▶ _DATA FOR THIS TASK_:

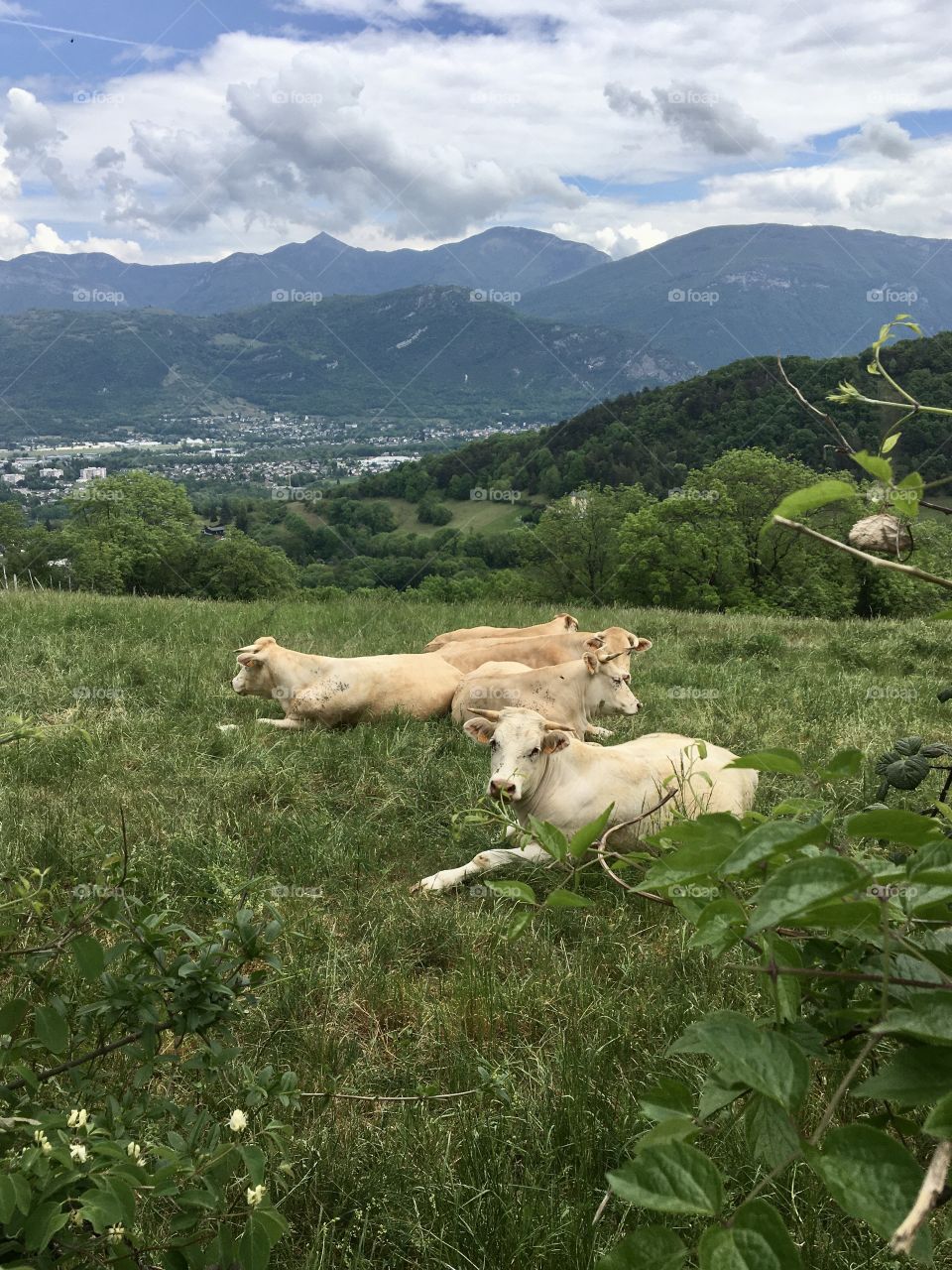Cows in the fields with mountains in the distance
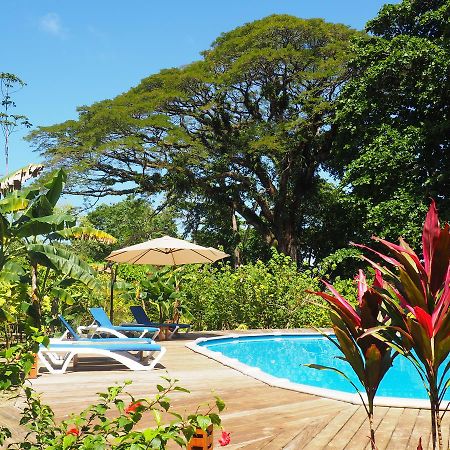 Hotel The Hummingbird à Bocas del Toro Extérieur photo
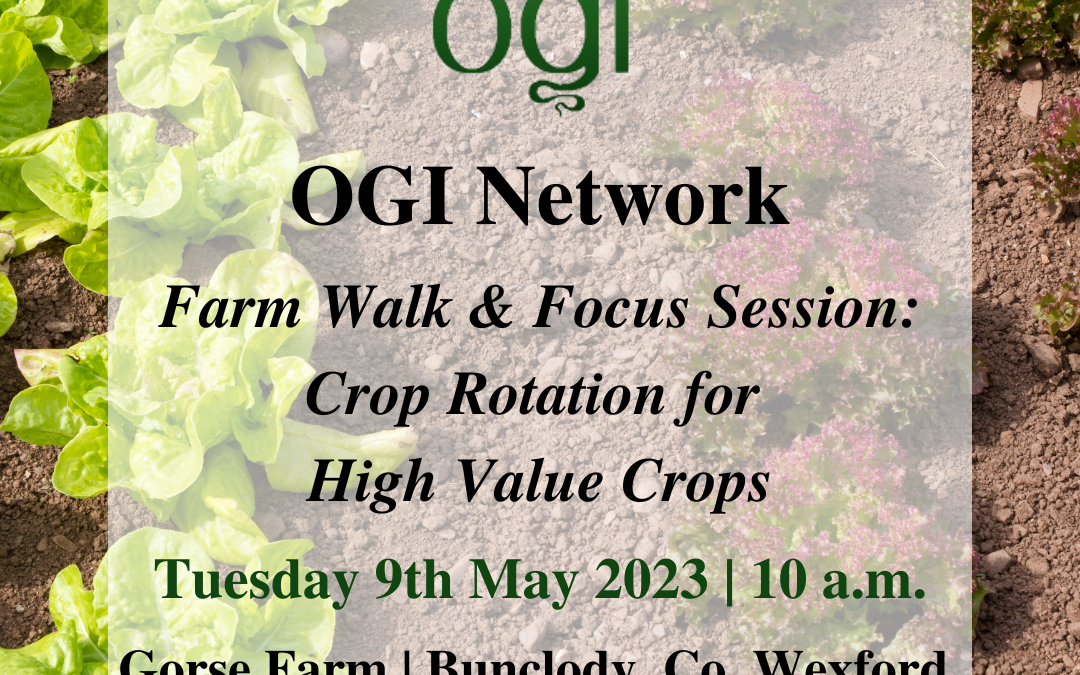 Farm Walk & Focus Session: Crop Rotation for High Value Crops
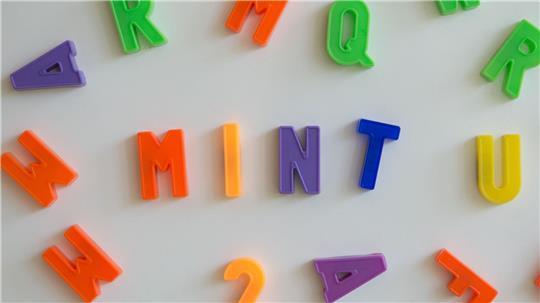 Die Magnetbuchstaben bilden den Begriff MINT. So werden die Fächer Mathematik, Informatik, Naturwissenschaft und Technik zusammenfassend bezeichnet.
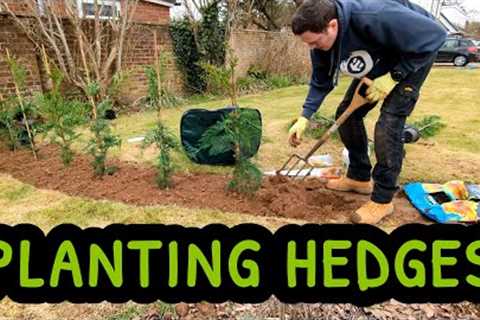 Planting 60 Hedges In One Day | Privacy Hedge | Cypress Leyland | Leylandii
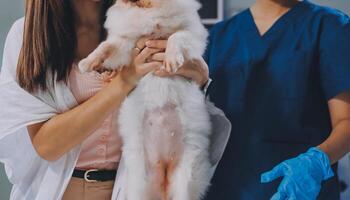 Closeup shot of veterinarian hands checking dog by stethoscope in vet clinic photo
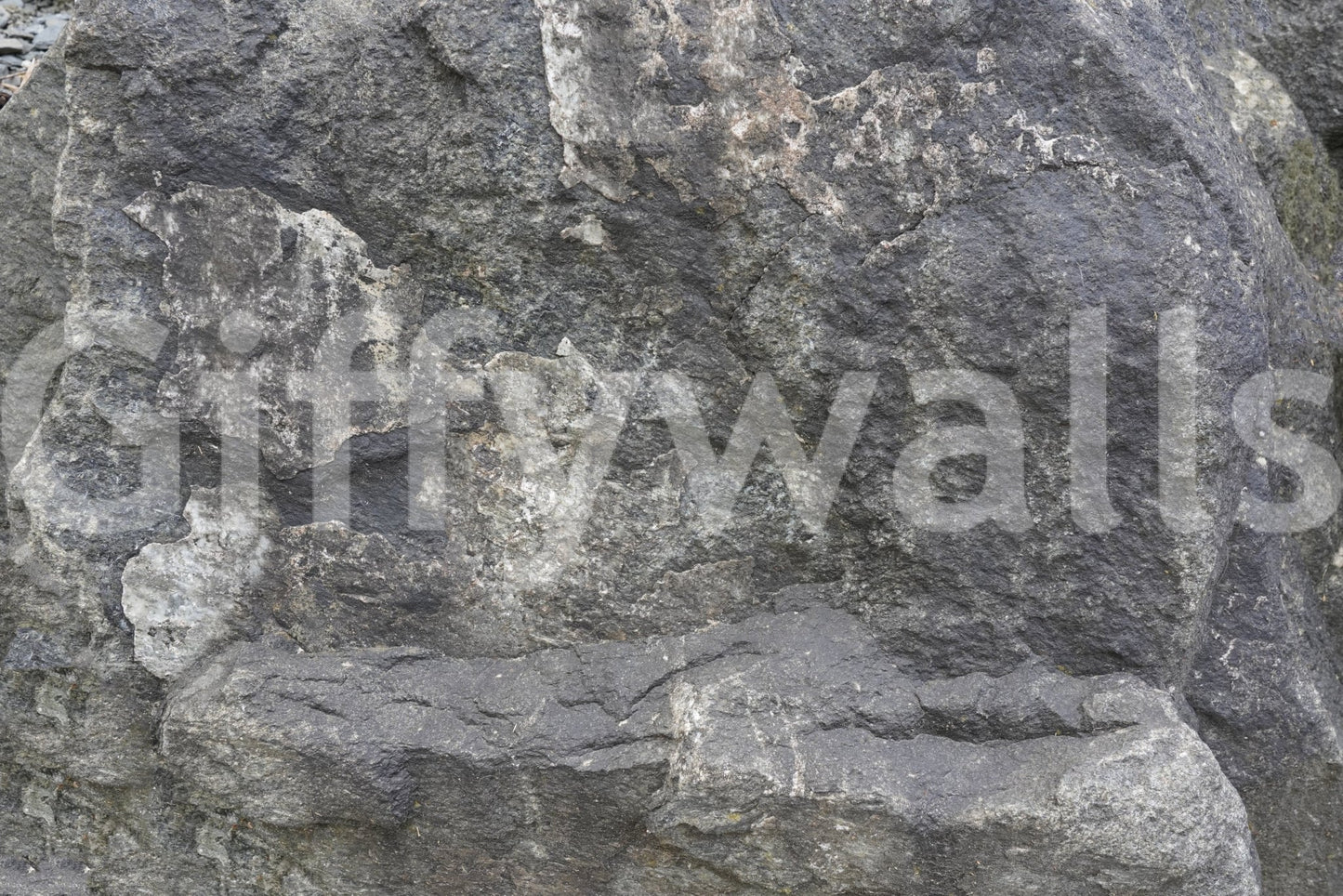 Rocky Surface Wall Mural -2566618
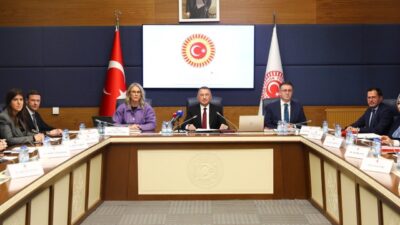 Aliekber METE/ ANKARA, – TBMM Dışişleri Komisyonu Başkanı Fuat Oktay,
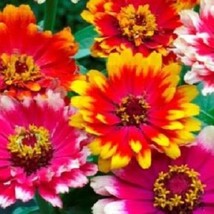 USA Seller 50 Carrousel Mix Zinnia Annual Flower Seeds Fast Shipping - $21.51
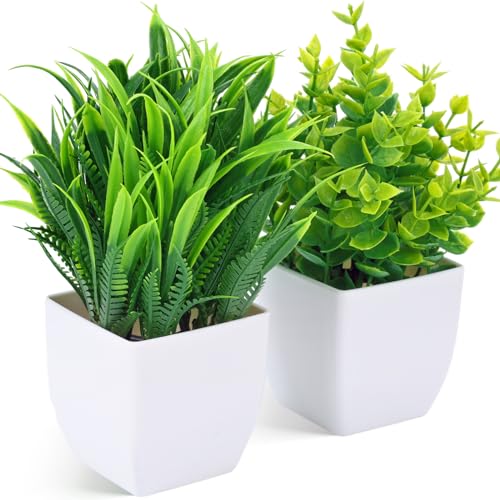 DomeStar 2PCS Small Plants Indoor, Faux Potted Plants Spring Greenery for Home Decor, Desktop Shelf, Bathroom Kitchen Office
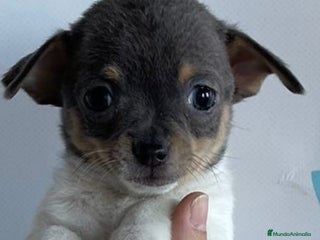 Chihuahua perros - Anuncio 26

▶ _THE PROBLEM_:
The entries above need an exact copy without their pictures.

▶ _TASK SOLUTION_:
Cows in the fields with mountains in the distance
 Hotel The Hummingbird à Bocas del Toro Extérieur photo
 Farm Walk & Focus Session: Crop Rotation for High Value Crops
 Die Magnetbuchstaben bilden den Begriff MINT. So werden die Fächer Mathematik, Informatik, Naturwissenschaft und Technik zusammenfassend bezeichnet.
 Planting 60 Hedges In One Day | Privacy Hedge | Cypress Leyland | Leylandii
 Closeup shot of veterinarian hands checking dog by stethoscope in vet clinic photo
 Rocky Surface Wall Mural -2566618
 Aliekber METE/ ANKARA, – TBMM Dışişleri Komisyonu Başkanı Fuat Oktay,
 USA Seller 50 Carrousel Mix Zinnia Annual Flower Seeds Fast Shipping - $21.51
 DomeStar 2PCS Small Plants Indoor, Faux Potted Plants Spring Greenery for Home Decor, Desktop Shelf, Bathroom Kitchen Office
 Chihuahua perros - Anuncio 26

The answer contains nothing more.